ABSTRACT

Michel Foucault has argued that history has excluded too readily ‘particular, local, regional knowledge . . . incapable of unanimity’, in favour of ‘systematising thought’, or the official version (Foucault 1980: 82). He calls for the ‘subjugated knowledges’ ‘buried’ below to be redis - covered and injected into our perceptions of culture. He calls for a ‘genealogy’ – a ‘painstaking rediscovery of struggles together with the rude memory of their conflicts’ – which would combine erudite know - ledge and ‘local memories’ (ibid.: 83) in the understanding of the cultural process. Rather than assume a ‘unitary’ version of American regions like the West or South, this method insists upon the inclusion of multiple stories of local and regional significance and relates them to a wider interor transnational perspective. Such a method takes note of the struggles for power that have marked the burial of certain stories and the elevation of others, and builds them into the analysis. It questions the notion that a particular place or region has a unique or settled set of qualities, and instead argues that stories which have been written about such places have often been written from a perspective that is partial and selective and may even downgrade or omit groups or interests whose experiences or values do not fit with the received version. This is a reminder that we need to take care when we examine the way in which the supposed identity of a place interacts with its history. Generalisations about the character of the South or West may depend upon assumptions about their ‘past’, which themselves contain untested judgements.
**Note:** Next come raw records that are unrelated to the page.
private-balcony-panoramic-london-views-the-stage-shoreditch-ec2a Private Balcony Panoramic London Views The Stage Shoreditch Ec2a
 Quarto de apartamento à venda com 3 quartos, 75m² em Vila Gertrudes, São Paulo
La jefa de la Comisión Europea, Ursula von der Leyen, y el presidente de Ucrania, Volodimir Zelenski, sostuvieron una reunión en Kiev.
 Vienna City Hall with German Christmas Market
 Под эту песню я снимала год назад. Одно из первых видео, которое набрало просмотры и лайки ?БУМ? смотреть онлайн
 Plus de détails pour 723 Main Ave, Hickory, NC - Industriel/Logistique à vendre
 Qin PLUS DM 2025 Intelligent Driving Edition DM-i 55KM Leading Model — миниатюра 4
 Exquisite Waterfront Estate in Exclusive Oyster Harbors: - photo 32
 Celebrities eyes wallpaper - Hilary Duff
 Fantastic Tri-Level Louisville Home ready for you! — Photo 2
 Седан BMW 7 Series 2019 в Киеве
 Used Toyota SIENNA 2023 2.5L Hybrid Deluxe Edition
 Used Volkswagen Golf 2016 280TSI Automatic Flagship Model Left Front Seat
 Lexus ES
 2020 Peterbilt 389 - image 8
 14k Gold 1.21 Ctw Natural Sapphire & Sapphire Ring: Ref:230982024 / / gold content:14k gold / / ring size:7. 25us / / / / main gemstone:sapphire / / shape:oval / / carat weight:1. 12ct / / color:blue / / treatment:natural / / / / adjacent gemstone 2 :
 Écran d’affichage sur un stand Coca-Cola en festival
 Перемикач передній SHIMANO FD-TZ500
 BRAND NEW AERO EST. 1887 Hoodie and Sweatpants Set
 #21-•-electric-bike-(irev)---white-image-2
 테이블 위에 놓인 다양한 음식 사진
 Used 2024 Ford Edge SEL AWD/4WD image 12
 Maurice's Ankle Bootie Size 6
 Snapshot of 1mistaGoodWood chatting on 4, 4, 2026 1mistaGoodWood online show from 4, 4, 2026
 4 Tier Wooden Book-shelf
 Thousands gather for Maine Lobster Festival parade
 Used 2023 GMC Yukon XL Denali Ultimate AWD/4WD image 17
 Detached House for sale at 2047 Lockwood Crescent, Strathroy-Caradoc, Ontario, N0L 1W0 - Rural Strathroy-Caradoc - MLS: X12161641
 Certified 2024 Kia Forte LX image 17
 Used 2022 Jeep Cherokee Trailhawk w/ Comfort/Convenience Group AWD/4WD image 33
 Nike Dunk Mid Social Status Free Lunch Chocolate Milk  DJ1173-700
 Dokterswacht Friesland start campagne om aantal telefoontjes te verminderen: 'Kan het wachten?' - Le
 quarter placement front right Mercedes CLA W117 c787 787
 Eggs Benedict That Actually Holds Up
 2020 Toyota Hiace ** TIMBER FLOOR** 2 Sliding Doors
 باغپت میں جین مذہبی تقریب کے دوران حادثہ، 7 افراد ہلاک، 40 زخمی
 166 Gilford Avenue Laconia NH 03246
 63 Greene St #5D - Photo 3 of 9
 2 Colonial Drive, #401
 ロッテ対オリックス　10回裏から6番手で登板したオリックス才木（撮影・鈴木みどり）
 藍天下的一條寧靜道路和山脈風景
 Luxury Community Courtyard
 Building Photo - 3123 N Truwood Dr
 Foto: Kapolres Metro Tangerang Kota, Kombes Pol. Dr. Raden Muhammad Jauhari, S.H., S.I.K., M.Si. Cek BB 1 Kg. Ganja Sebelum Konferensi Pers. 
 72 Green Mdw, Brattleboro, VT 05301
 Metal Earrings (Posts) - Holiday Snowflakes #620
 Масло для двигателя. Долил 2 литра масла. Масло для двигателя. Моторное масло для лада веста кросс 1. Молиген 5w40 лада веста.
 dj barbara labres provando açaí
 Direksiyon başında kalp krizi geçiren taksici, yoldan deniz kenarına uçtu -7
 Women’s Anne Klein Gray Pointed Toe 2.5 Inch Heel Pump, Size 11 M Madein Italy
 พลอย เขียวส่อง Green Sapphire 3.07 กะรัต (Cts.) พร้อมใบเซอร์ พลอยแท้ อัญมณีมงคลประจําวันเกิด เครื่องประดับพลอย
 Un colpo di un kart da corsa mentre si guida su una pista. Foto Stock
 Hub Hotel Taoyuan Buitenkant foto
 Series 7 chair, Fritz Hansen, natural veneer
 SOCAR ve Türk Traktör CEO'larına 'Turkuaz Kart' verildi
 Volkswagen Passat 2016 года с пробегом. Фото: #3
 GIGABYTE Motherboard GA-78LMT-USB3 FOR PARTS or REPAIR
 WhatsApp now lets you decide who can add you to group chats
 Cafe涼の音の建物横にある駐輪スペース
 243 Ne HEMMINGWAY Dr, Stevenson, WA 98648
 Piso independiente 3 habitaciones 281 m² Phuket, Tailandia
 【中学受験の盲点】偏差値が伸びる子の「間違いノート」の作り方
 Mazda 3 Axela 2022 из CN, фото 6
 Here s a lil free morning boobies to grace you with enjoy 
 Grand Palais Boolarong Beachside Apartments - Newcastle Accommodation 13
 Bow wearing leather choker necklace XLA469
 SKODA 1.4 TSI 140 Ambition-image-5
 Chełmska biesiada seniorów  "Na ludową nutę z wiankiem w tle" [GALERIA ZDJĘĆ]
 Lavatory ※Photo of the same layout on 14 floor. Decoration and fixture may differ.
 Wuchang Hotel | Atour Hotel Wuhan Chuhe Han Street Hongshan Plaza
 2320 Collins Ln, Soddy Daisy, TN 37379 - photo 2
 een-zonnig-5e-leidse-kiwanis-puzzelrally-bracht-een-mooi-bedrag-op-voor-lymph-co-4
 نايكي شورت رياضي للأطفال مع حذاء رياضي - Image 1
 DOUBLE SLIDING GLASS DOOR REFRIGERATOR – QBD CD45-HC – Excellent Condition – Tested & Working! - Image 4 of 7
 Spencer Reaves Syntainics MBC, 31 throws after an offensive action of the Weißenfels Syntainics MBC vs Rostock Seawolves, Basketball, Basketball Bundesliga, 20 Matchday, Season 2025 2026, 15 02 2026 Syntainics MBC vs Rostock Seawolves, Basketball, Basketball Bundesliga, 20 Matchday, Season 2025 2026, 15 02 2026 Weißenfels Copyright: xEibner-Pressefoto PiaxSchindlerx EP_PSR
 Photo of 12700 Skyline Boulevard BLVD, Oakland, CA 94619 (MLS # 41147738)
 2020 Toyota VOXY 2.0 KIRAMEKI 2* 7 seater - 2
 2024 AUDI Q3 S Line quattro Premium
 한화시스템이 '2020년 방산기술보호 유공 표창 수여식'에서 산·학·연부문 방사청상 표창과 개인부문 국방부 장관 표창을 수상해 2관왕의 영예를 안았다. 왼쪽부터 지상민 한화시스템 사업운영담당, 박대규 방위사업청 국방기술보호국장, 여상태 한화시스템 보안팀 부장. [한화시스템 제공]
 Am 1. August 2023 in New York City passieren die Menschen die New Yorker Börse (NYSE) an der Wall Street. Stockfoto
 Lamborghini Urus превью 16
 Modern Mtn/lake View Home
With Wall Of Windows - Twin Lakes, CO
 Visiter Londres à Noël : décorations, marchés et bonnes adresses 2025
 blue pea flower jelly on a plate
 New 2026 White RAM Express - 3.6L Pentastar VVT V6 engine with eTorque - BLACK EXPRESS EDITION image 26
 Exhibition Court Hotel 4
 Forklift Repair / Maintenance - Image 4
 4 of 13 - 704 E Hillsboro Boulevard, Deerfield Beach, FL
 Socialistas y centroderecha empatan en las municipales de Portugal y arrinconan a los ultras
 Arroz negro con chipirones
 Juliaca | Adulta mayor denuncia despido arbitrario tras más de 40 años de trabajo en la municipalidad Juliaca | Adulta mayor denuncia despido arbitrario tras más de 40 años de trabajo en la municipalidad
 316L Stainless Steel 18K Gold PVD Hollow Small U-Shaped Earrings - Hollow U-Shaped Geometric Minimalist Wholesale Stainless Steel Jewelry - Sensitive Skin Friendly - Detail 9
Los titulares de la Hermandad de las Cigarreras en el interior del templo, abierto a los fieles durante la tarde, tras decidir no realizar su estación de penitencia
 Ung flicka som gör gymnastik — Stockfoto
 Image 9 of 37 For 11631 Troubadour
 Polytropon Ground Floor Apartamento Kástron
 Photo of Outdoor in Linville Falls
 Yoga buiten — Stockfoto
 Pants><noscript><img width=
This section argues, therefore, for a form of Critical Regionalism, a term evolved from the architectural work of Lefaivre and Tzonis and Kenneth Frampton, suggesting a sense of regionalism ‘infused with . . . relativity’, critical of both imposed universalism and naïve localism, and in a ‘constant process of negotiation between local and global’ (Lefaivre and Tzonis 2003: 34). The recognition of alternative stories in the form of regional variety and difference asserts diversity and pluralism against any totalising impulse, showing an awareness of complex issues of race, gender and ethnicity, balking against assumptions of some common identity, and preferring

instead the assertion of difference. In this spirit, we would concur with Stephanie Foote’s comment:

The local knowledges that regionalism first helped publicize fracture any monolithic narrative of American literature and . . . identity. Because it held open the meaning of America and Americanness, regional writing helped to create a way to understand and value social differences, and helped to establish a way of imagining communities that interrupted even as they sustained a national culture.